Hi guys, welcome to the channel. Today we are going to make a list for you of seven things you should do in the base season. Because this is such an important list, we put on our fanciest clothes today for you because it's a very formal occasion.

* * *

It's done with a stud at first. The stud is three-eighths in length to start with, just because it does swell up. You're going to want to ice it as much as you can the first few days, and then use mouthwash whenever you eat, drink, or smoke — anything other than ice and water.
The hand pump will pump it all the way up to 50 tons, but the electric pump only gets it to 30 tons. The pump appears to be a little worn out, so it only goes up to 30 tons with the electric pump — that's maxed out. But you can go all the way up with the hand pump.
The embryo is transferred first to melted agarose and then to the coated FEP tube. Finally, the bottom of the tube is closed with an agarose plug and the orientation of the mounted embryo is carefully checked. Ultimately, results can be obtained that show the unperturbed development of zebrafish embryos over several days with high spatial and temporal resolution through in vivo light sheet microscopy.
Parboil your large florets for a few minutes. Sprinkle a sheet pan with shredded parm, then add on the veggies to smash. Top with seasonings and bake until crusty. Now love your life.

What the task requires.
Look through the entries and copy every line in which the string "because" appears.

Output of the task.
Hi guys, welcome to the channel. Today we are going to make a list for you of seven things you should do in the base season. Because this is such an important list, we put on our fanciest clothes today for you because it's a very formal occasion.
It's done with a stud at first. The stud is three-eighths in length to start with, just because it does swell up. You're going to want to ice it as much as you can the first few days, and then use mouthwash whenever you eat, drink, or smoke — anything other than ice and water.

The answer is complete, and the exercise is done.